**Task prompt:** Below are some entries. Repeat exactly the lines from the one with "1.27ct Natürlicher Zitronengelb" through the one with "Jagwire ジャグワイヤー JGW", and only those.

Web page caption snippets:
--- START ---
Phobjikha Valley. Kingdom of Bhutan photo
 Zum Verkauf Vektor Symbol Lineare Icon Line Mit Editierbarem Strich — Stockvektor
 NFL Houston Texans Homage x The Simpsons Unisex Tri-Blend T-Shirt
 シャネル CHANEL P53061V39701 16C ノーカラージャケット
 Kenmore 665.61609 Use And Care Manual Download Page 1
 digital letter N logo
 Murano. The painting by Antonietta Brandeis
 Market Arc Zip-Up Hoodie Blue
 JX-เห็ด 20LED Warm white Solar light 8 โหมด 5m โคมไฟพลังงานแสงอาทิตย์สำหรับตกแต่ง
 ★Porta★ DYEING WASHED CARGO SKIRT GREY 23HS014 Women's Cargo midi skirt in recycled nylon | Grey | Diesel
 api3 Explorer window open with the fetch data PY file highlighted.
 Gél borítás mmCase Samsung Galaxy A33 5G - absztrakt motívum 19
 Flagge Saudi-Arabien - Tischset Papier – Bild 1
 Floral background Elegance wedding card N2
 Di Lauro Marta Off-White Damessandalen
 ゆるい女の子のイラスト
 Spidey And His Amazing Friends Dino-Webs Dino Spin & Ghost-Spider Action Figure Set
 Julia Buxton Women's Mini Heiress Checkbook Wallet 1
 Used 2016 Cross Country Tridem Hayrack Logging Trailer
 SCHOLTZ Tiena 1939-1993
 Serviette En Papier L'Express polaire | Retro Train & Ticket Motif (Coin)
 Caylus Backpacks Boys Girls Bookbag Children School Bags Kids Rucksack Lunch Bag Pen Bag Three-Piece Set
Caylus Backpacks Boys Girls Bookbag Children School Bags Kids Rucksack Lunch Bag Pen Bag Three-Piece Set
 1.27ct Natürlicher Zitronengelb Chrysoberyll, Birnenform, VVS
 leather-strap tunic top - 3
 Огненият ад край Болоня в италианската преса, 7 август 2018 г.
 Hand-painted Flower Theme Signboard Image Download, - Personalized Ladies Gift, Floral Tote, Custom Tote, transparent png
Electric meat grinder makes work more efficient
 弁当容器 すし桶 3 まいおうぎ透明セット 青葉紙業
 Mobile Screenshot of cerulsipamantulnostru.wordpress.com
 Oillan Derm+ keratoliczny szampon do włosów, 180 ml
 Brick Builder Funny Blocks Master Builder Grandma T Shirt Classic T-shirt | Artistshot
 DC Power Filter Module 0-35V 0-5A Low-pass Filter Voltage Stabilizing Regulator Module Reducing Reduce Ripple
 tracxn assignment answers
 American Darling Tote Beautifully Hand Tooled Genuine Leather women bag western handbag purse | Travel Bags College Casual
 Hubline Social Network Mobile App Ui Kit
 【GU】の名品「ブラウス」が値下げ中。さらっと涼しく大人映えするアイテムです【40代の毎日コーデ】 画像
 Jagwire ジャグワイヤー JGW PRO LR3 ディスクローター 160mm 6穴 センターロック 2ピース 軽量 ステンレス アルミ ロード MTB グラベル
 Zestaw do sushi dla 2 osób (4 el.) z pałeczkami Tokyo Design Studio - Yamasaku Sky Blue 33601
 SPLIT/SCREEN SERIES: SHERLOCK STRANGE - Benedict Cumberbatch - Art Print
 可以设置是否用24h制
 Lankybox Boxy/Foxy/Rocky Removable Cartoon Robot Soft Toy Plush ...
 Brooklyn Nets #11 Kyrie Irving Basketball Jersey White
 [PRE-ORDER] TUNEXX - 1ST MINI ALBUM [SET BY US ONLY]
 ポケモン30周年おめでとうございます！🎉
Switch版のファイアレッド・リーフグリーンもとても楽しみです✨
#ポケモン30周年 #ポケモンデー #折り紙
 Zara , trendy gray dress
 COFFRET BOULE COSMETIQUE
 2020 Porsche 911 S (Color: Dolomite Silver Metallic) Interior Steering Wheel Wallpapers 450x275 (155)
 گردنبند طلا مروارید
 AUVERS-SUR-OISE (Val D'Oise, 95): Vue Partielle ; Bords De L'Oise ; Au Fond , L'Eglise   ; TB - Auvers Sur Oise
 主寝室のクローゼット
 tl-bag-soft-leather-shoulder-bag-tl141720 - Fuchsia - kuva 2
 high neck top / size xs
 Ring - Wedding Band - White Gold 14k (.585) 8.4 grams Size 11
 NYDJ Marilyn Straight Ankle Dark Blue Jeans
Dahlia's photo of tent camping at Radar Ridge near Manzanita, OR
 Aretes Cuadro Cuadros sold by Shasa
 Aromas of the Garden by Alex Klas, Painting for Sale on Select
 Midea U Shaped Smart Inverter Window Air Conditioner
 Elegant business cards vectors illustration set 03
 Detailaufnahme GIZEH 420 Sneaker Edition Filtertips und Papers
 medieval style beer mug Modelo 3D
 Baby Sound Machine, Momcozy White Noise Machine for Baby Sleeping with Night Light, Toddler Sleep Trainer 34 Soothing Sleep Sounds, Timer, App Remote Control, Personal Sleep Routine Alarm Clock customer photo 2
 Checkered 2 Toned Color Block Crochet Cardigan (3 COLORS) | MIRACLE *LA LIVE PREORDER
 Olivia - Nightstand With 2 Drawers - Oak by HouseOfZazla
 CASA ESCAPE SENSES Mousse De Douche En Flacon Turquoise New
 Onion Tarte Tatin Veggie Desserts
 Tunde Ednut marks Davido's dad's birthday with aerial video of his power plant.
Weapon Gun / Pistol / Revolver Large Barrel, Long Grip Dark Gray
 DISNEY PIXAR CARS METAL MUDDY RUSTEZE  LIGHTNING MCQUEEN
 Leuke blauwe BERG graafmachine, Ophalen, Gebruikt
--- END ---
**Written reply:**
 1.27ct Natürlicher Zitronengelb Chrysoberyll, Birnenform, VVS
 leather-strap tunic top - 3
 Огненият ад край Болоня в италианската преса, 7 август 2018 г.
 Hand-painted Flower Theme Signboard Image Download, - Personalized Ladies Gift, Floral Tote, Custom Tote, transparent png
Electric meat grinder makes work more efficient
 弁当容器 すし桶 3 まいおうぎ透明セット 青葉紙業
 Mobile Screenshot of cerulsipamantulnostru.wordpress.com
 Oillan Derm+ keratoliczny szampon do włosów, 180 ml
 Brick Builder Funny Blocks Master Builder Grandma T Shirt Classic T-shirt | Artistshot
 DC Power Filter Module 0-35V 0-5A Low-pass Filter Voltage Stabilizing Regulator Module Reducing Reduce Ripple
 tracxn assignment answers
 American Darling Tote Beautifully Hand Tooled Genuine Leather women bag western handbag purse | Travel Bags College Casual
 Hubline Social Network Mobile App Ui Kit
 【GU】の名品「ブラウス」が値下げ中。さらっと涼しく大人映えするアイテムです【40代の毎日コーデ】 画像
 Jagwire ジャグワイヤー JGW PRO LR3 ディスクローター 160mm 6穴 センターロック 2ピース 軽量 ステンレス アルミ ロード MTB グラベル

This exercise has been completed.